United States Court of Appeals, Ninth Circuit.

September 28, 1971.

Rehearing Denied November 29, 1971.

Derewood Bible, in pro. per.

Gary K. Nelson, Ariz. Atty. Gen., Thomas M. Tuggle, Asst. Atty. Gen., Phoenix, Ariz., for respondent-appellee.

Before CARTER, TRASK and CHOY, Circuit Judges.

PER CURIAM:

1

Petitioner seeks his release from state custody by an application for a writ of habeas corpus. His petition was filed in forma pauperis, and asserts facts from which it appears that he has exhausted his state remedies. The district court denied the petition. We affirm.

2

No questions of fact are raised. Petitioner, Derewood Bible, asserts that prior to December 25, 1966, he was convicted of child molestation and sentenced to one week in jail plus five years probation. Thereafter, on December 25, 1966, he was arrested on a charge of statutory rape, which caused his probation for the first offense to be revoked, and a sentence of not less than 20 nor more than 25 years imprisonment in the state prison to be imposed. Later, he asserts he was convicted on the statutory rape charge and sentenced to imprisonment for a term of not less than 24 nor more than 25 years, this sentence to run concurrently with the earlier one.

3

Petitioner's first claim of double jeopardy appears to be frivolous. He did not receive two sentences for the same charge. An allegation that a sentence was imposed upon revocation of probation for one offense together with an allegation that a sentence was imposed for a separate offense, does not constitute a claim of two sentences for the same charge or double jeopardy. Appellant, according to his petition, appears to have received one sentence for child molestation as a result of his violation of the conditions of probation imposed upon conviction of that charge, and he was thereafter sentenced upon a conviction of a charge of statutory rape. Cf. Amaya v. Beto, 424 F.2d 363, 364 (5th Cir. 1970); United States v. Markovich, 348 F.2d 238, 240 (2d Cir. 1965); Remer v. Regan, 104 F.2d 704 (9th Cir.), cert. denied, 308 U.S. 553, 60 S. Ct. 105, 84 L. Ed. 465 (1939); United States ex rel MacLaren v.
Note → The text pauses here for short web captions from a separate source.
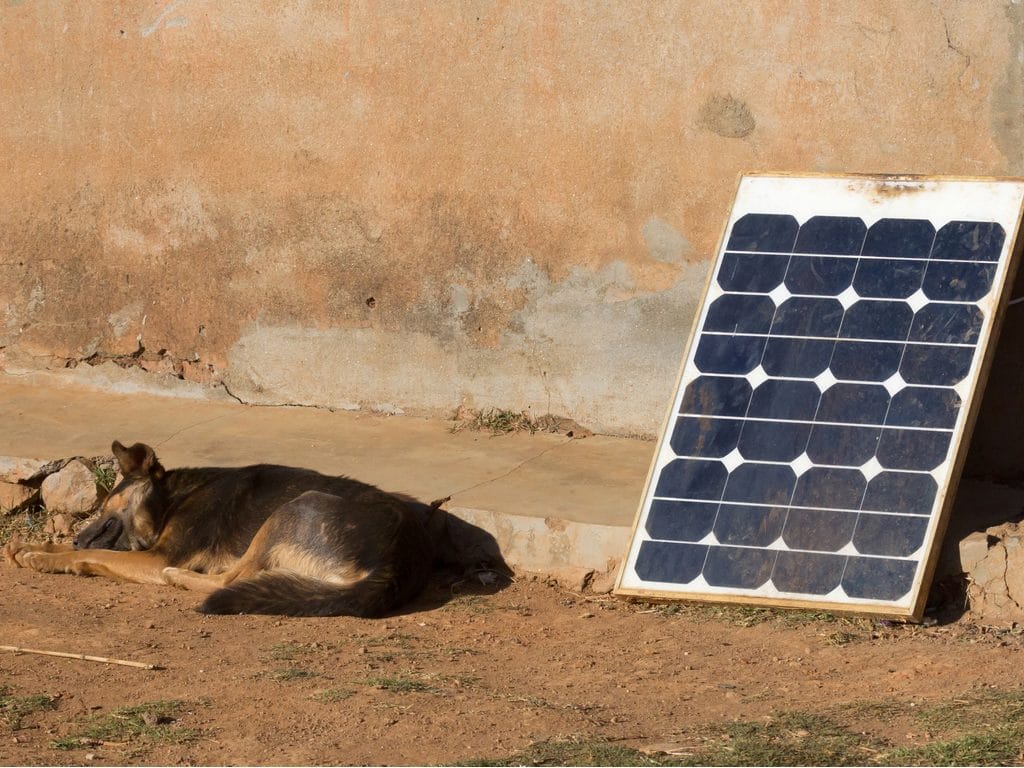 AFRIQUE : Bboxx lève 50 M$ pour distribuer les kits solaires à domicile©MyImages - Micha/Shutterstock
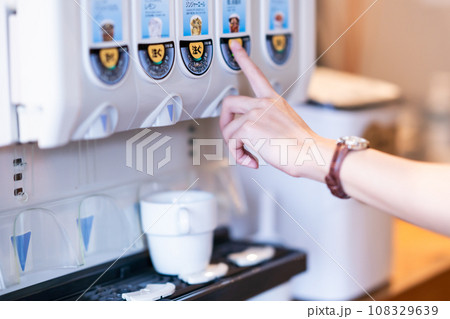 ドリンクバーで休憩をとる若い女性　顔無し 108329639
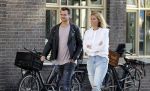 Leiden 2 juli 2017 
Jochem Myjer en zijn vriendin Marloes Novan vieren de 40e verjaardag van Jochem met familie en vrienden.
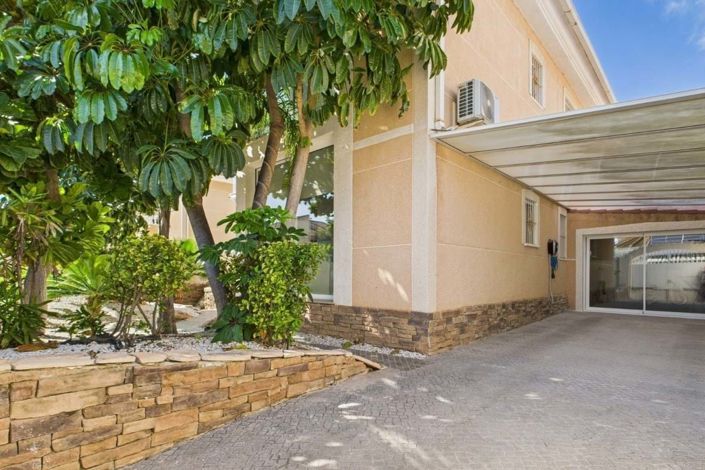 Image No.9-4 Bed Villa for sale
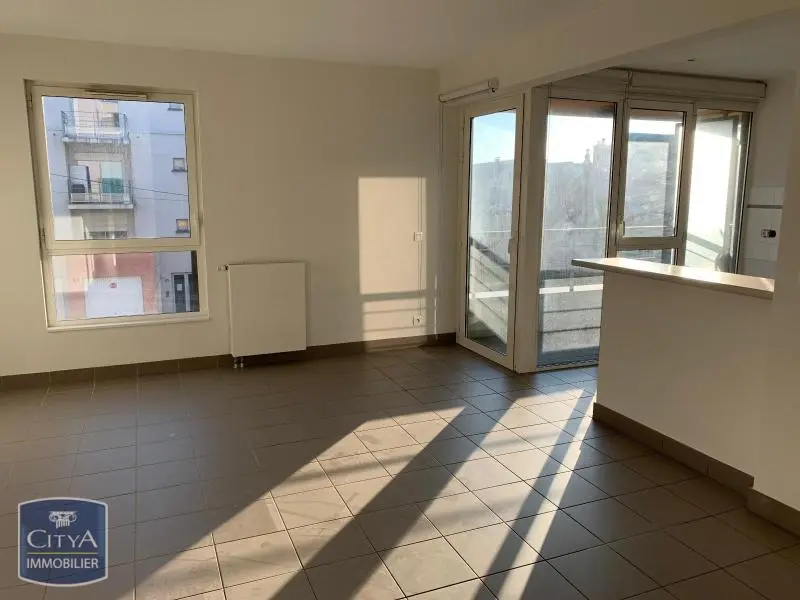 Photo 1 Appartement 4 pièces 96.38m²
Denno, 173 F. Supp. 237, 241 (S.D.N.Y.), aff'd mem., 272 F.2d 191 (2d Cir.), cert. denied, 363 U.S. 814, 80 S. Ct. 1252, 4 L. Ed. 2d 1155 (1959). See also United States v. Apker, 419 F.2d 388 (9th Cir. 1969); Mullican v. United States 252 F.2d 398, 400 (5th Cir. 1958).

4

Petitioner's second claim is that because of the jail sentence imposed under the molestation case, this offense became a misdemeanor which, upon revocation of probation, could not then be treated as a felony by imposition of a prison sentence. The trial court correctly exercised its discretion not to pass upon this claim. Under the separate felony conviction on a charge of statutory rape, petitioner was sentenced to serve a concurrent sentence for an equal maximum term. No question was raised as to the validity of this latter conviction or sentence. Bible is thus properly in state custody. United States ex rel Weems v. Follette, 414 F.2d 417 (2d Cir.), cert. denied, 397 U.S. 950, 90 S. Ct. 973, 25 L. Ed. 2d 131 (1969); accord, United States v. McKinney, 433 F.2d 921 (9th Cir. 1970); United States v. Tamayo, 427 F.2d 1072 (9th Cir. 1970); Johnson v. United States, 427 F.2d 537 (9th Cir. 1970); United States v. Wong, 425 F.2d 1077 (9th Cir. 1970); United States v. Lazarus, 425 F.2d 638 (9th Cir. 1970), cert. denied, 400 U.S. 869, 91 S. Ct. 102, 27 L. Ed. 2d 108, rehearing denied, 400 U.S. 954, 91 S. Ct. 233, 27 L. Ed. 2d 261 (1971); Keith v. United States, 421 F.2d 1295 (9th Cir. 1970), cert. denied, 402 U.S. 985 (1971); Jordan v. United States, 416 F.2d 338 (9th Cir.), cert. denied, 397 U.S. 920, 90 S. Ct. 930, 25 L. Ed. 2d 101, rehearing denied, 397 U.S. 1018, 90 S. Ct. 1232, 25 L. Ed. 2d 433 (1969).

5

His final claim is that because the earlier sentence upon revocation of his probation is invalid, the concurrent sentence on the later statutory rape conviction must expire at the same time. This is not the law. Nishimoto v. Nagle, 44 F.2d 304, 305 (9th Cir. 1930) (overruled on other grounds in Fong Haw Tan v. Phelan, 333 U.S. 6, 68 S. Ct. 374, 92 L. Ed. 433 (1947)); cf. Ekbery v. United States, 167 F.2d 380, 388 (1st Cir. 1948).

6

For the foregoing reasons, the order of the district court denying appellant's petition for a writ of habeas corpus is affirmed.